> TRY IT:
Return exactly the lines from the start of the records below through the line containing "FIGURA TAMASHII NATIOS YUSUKE URAMESHI 145 Figuras FIGURA", both ends included, and leave out the pictures.

Recorded data
▬▬▬▬▬▬
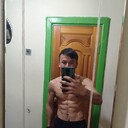 ���������� ������, ���� ������� ��������, 28 ���, ������������ ��� ������, ����� � ���������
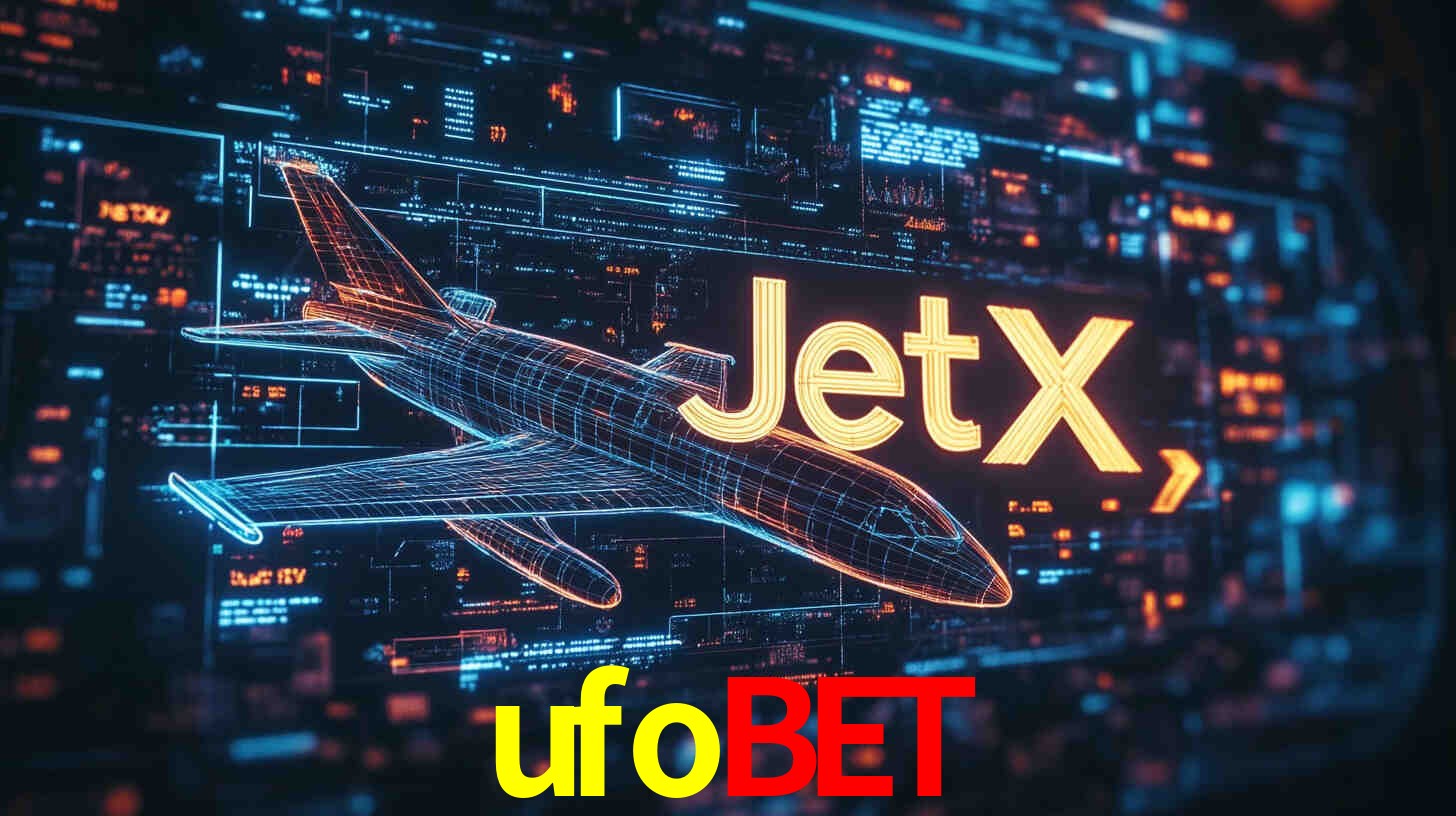 Apostas Esportivas na ufobet: Um Guia Completo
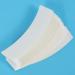 LAXED 720 Pc/Lot Strong Super Fixed Hair System Adhesive Tape Super Strong Adhesive Tape Lace Wig and Sweat Wig Film - Buy Online on SooperMarket.com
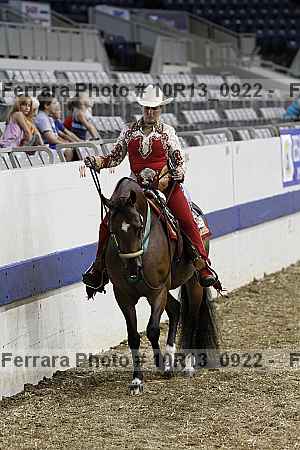 Proof Number 10r13_0922
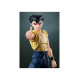 FIGURA TAMASHII NATIOS YUSUKE URAMESHI 145 Figuras FIGURA TAMASHII NATIOS YUSUKE URAMESHI 145 Figuras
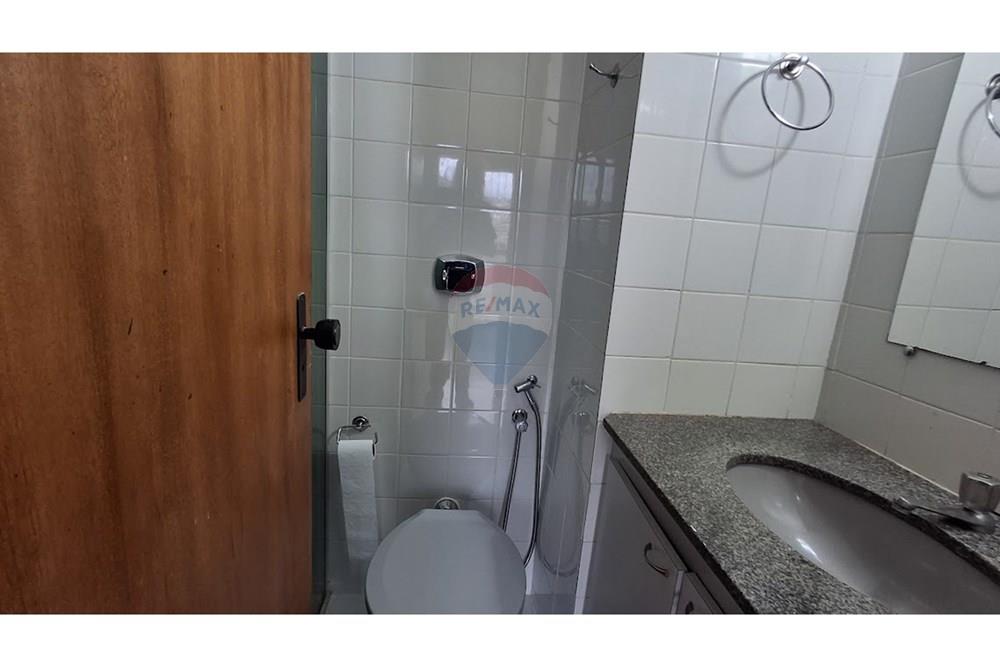 Apartamento - Alugar - Belo Horizonte , Minas Gerais - 20251117_074224.jpg - 870251071-166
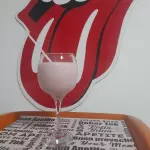 Cremes 400ml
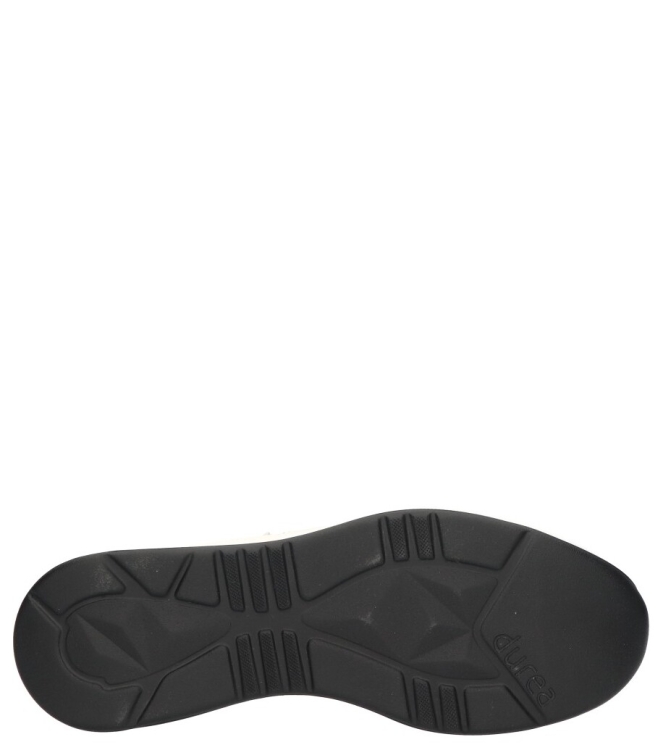 Durea sneaker <span>6289 608 1507</span> 6289 608 1507 wit - www.bremmerschoenen.info - Bremmer Schoenen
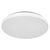 Essential Orbis IP44 220mm 12W 830 White - 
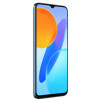 Honor X8 5G 6/128GB Ocean Blue в рассрочку без первоначального взноса и переплат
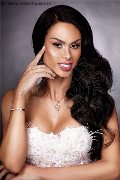 Foto Tentazioni Hot Transescort Alessandria Eduarda Vogue 3478447704 - 130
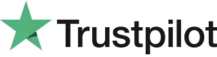 Trustpilot logo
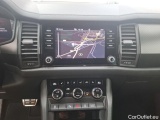  Skoda  Kodiaq  Sportline 1.5 TSI 150CV BVA7 E6d #10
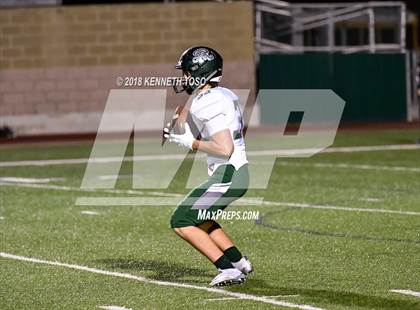 Thumbnail 2 in Reagan @ O'Connor (UIL 6A Bi-District) photogallery.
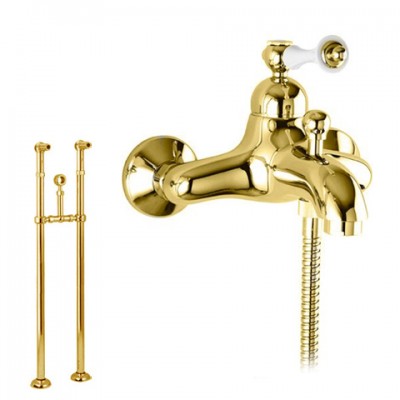    Cezares Margot (MARGOT-VDPMS-03/24-Bi, MARGOTVDPMS0324Bi)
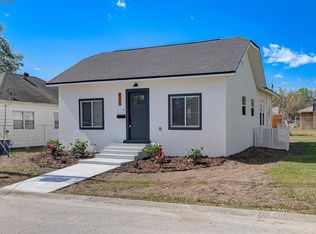 425 S 3rd Ave, Bartow, FL 33830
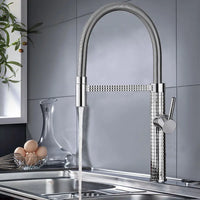 Diamond Style-Silver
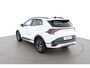 Kia Sportage 1.6 T-GDi Hybrid GT-Line |XC84749|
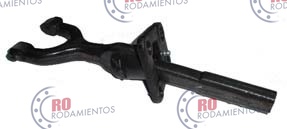RO90980 - imagen del producto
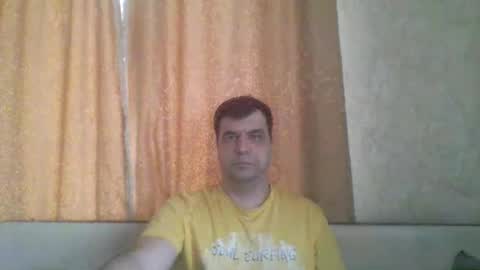 rusqadisx online show from March 8, 9:46 am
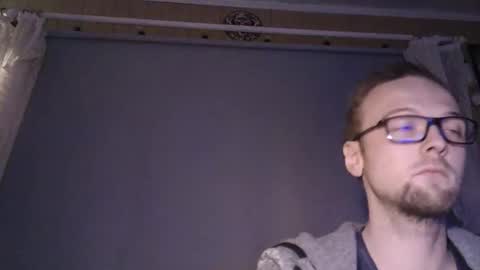 Snapshot of wulffi95 chatting on 2, 3, 2025 wulffi95 online show from 2, 3, 2025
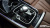 BMW X5 xDrive 30d M Sport, 2025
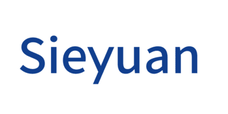 New_Sieyuan-logo (1)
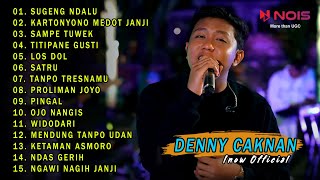 Download Lagu Gratis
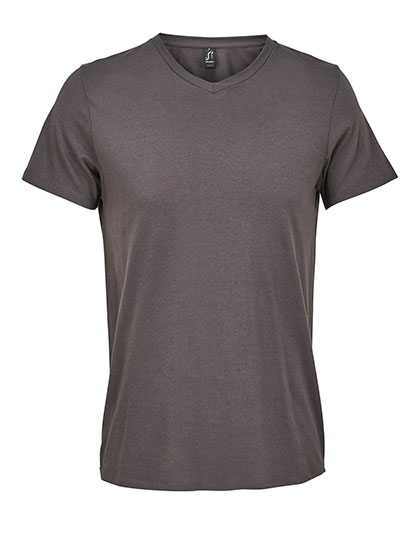 V-Neck T-Shirt Regent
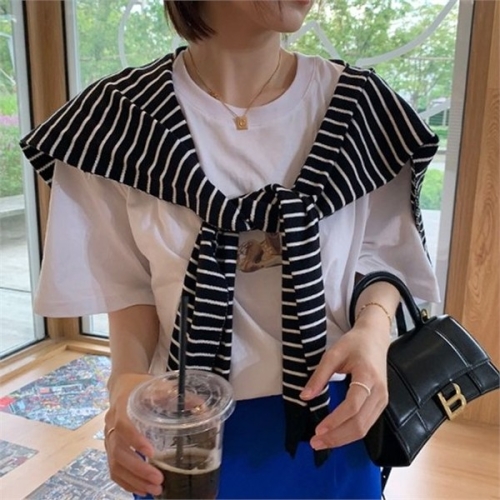 ������� �Ǹż���1�� 4Į�� ��Ʈ������ ��Ʈ����� MA8108 �Ǹż���1�� 4Į�� ��Ʈ������ ��Ʈ����� MA8108
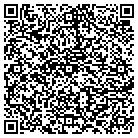 QR code with Highlands By Home Life Comm contacts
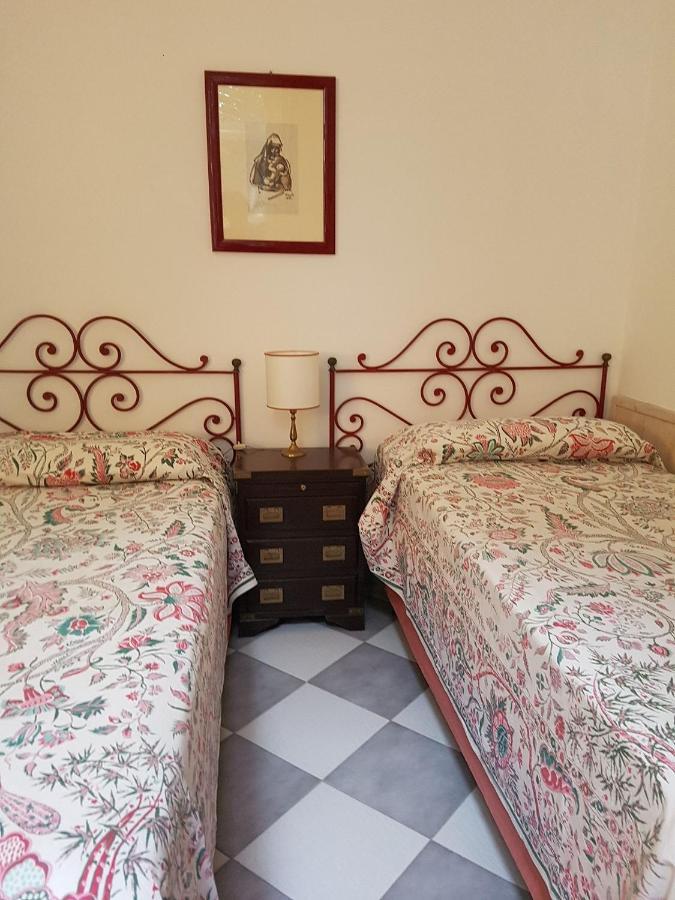 Benedetta Beautiful House - By The Sea Apartment Levanto Exterior photo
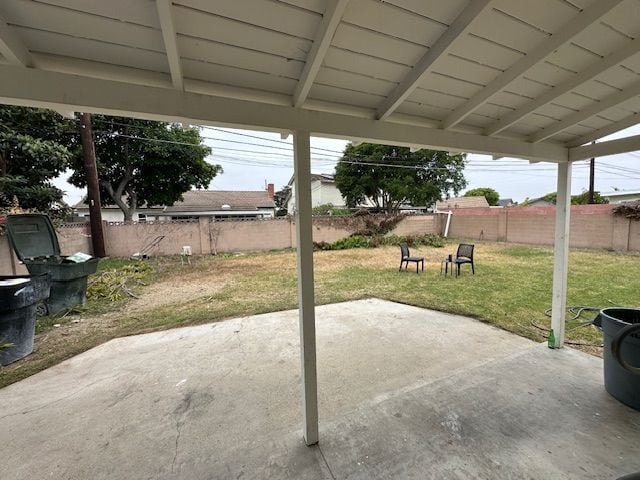 2045 S Janette Ln in Anaheim, CA - Building Photo - Building Photo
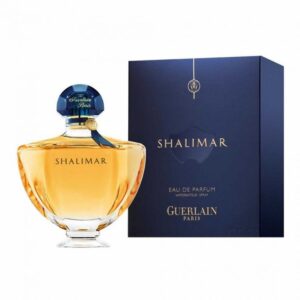Shalimar For Women EDP 90ml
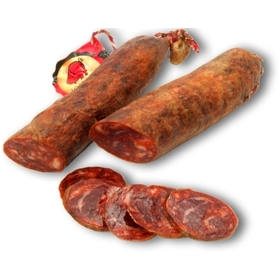 chorizo_iberico_joselito_full.jpg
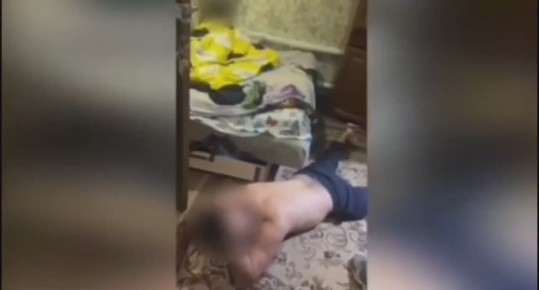 ������� ���������� ������ ���������� ������ ������� ��� ���������� ������������� � ������� ������� ���������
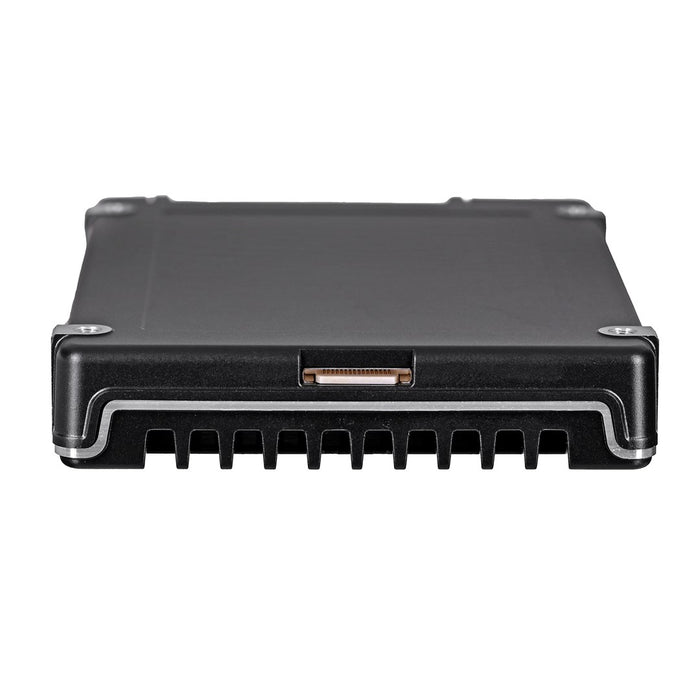 Samsung PM9D3a 960 GB 2.5" PCI Express 5.0 NVMe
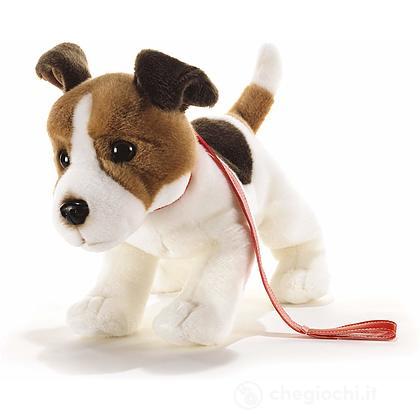 Milo Jrt Con Guinzaglio - L.32 cm (15782)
▬▬▬▬▬▬
> FINAL ANSWER:
 ���������� ������, ���� ������� ��������, 28 ���, ������������ ��� ������, ����� � ���������
 Apostas Esportivas na ufobet: Um Guia Completo
 LAXED 720 Pc/Lot Strong Super Fixed Hair System Adhesive Tape Super Strong Adhesive Tape Lace Wig and Sweat Wig Film - Buy Online on SooperMarket.com
 Proof Number 10r13_0922
 FIGURA TAMASHII NATIOS YUSUKE URAMESHI 145 Figuras FIGURA TAMASHII NATIOS YUSUKE URAMESHI 145 Figuras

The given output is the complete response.